Hacker News new | ask | show | jobs
by drdec 1398 days ago
I was hoping to read about how they handled cleaning up cursors, what the effect on the server was when having a bunch of open, long-running cursors, etc. Unfortunately the article only treated the subject at a superficial level.

So, anyone here implement pagination via cursors? What do you find to be the drawbacks and how do you mitigate them?

3 comments

You probably assume they are talking about database cursors. The cursor is just a record ID in this article. There is no long term storage of database cursors on the server. Assuming you can sort all your data, next query just returns all records after the given record ID, plus the record with that ID.

One corner case would be if the cursor record is deleted. I don't see it mentioned how they handle it.

Does that mean you have to scan the entire results set to get the right page? So if I am on page 100, I have to query pages 1-99 and discard them?

Or is there a trick here I’m missing?

I think the point is that clients are not even given the option to think in terms of "page numbers".

What's the use case for needing the 100th page of a query result, that also doesn't allow you to cache the 100th page locally to retrieve it later?

There are no pages anymore. You fetch a record by ID and next N records.
Right, but in your database query doesn’t that require you to get a monster result set and filter it down in your application layer?

There’s no SQL clause for “WHERE IT WOULD COME AFTER id=ah73d IN THE RESULT SET” as far as I’m aware.

Yah, another downside of cursor-based pagination is: what happens when the record the cursor refers to is deleted?

Do you just crash and ask the user to start over?

Do you have to nudge open cursors on every delete?

My implementation of cursors works by encoding the primary ID of the last row on the page, along with additional information corresponding to the sort order if that's needed.

That way it doesn't matter if the record is deleted - I can still return the next page by showing records that come after that provided cursor value.

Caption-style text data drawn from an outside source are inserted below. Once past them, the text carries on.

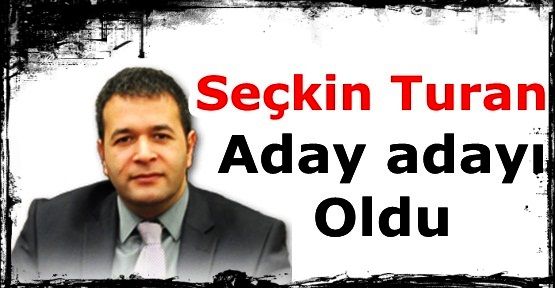 Seçkin TURAN Eyüp Belediye Başkan Aday Adayı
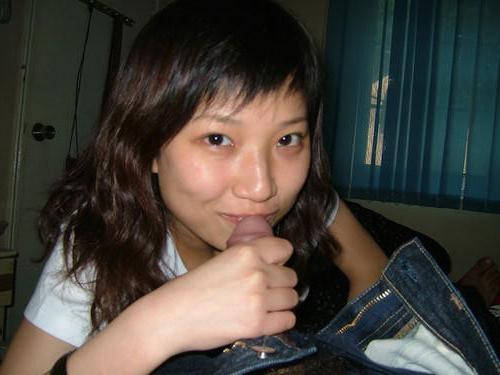15P Mix of young Asian cock sucking teens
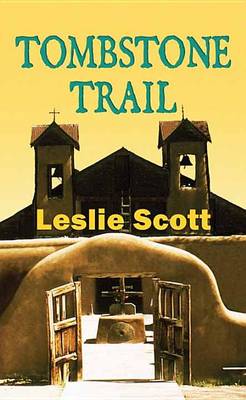 Book cover for Tombstone Trail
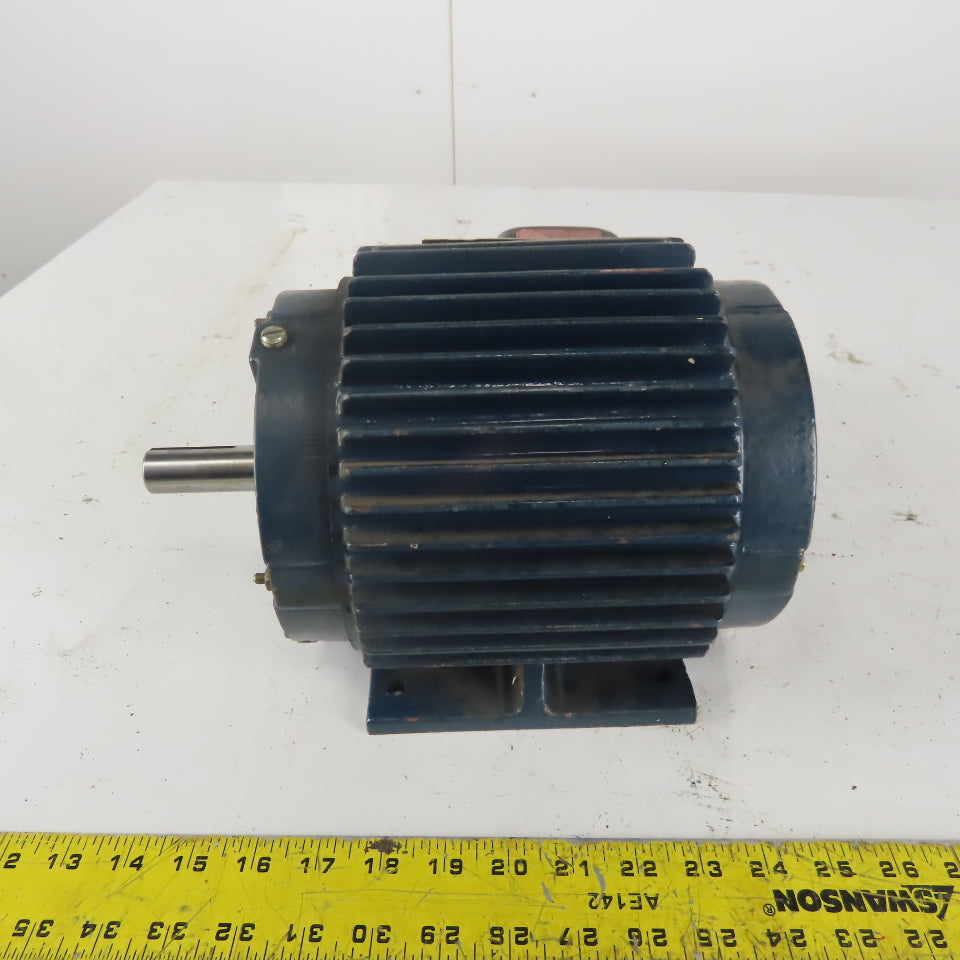 Marathon 6VA 145TTTN6001AAP 2Hp Electric Motor 145T Fr. 208-230/460V 3Ph 3460RPM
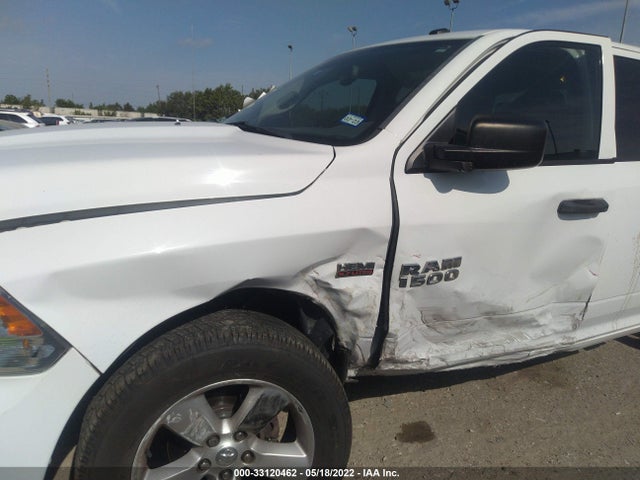 3C6RR6KT4EG294861 RAM 1500 Express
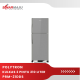 Kulkas 2 Pintu Polytron 210 Liter PRM-21DDS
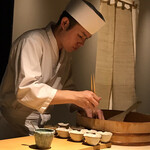 Sushi Karashima - 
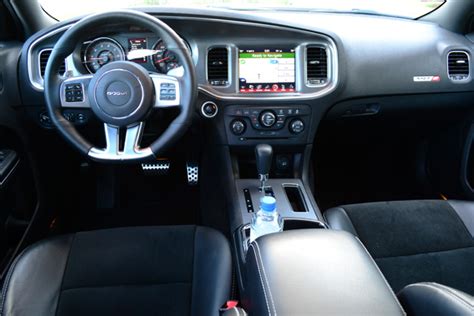 Dodge Charger Srt8 Interior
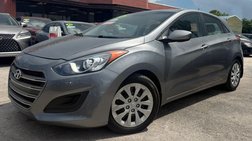 2016 Hyundai Elantra GT Base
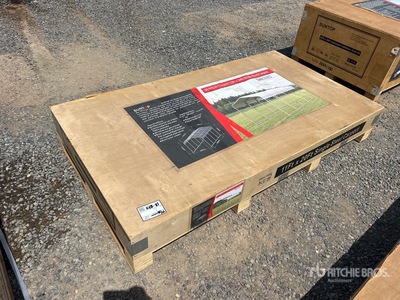 2026 SUNTOP SC1120 11 ft x 20 ft Cochera (Unused)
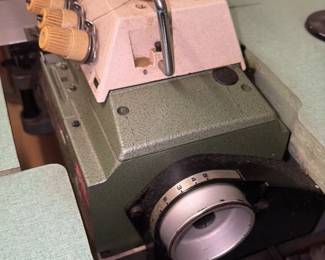 Yamato industrial overlock sewing Machine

There's an example on this page: https://latest.datasette.io/fixtures/sortable?_sort=sortable

Since the table is sorted by the "sortable" column, the next page link includes this:

    ?_next=15%2Cg%2Cz
15 is the last value for "sortable" on the page, then g,z are the compound primary key for that last row.
Interesting… what happens if new records are added with that 15 value? Do you need an implied secondary sort with the record created time?

Also what if there are more than $page_size records with that 15 value?

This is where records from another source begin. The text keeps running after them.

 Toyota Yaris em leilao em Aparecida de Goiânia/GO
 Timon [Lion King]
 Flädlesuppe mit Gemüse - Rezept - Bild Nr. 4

Yes, if you want to support new records being added it's up to you to include something like a created date as part of your specified sort order.

More than page_size records with that value works fine - that's why the primary key is included as a tie-breaker.

Doesn’t that take you back to the original problem though: if you delete the primary key the query fails?

Would the created_at be a better option than the primary key? That can’t be deleted or changed, and that would give you a stable secondary sort?

Instead of the cursor being an ID, it could directly encode whatever column(s) you are sorting by. Then you don’t have to locate any record in particular, you can always return records that sort after the cursor.
It’s not a cursor as in a relational database cursor. It’s a cursor, as in an ID of an item in a stably ordered set. There’s no long-running anything to be worried about.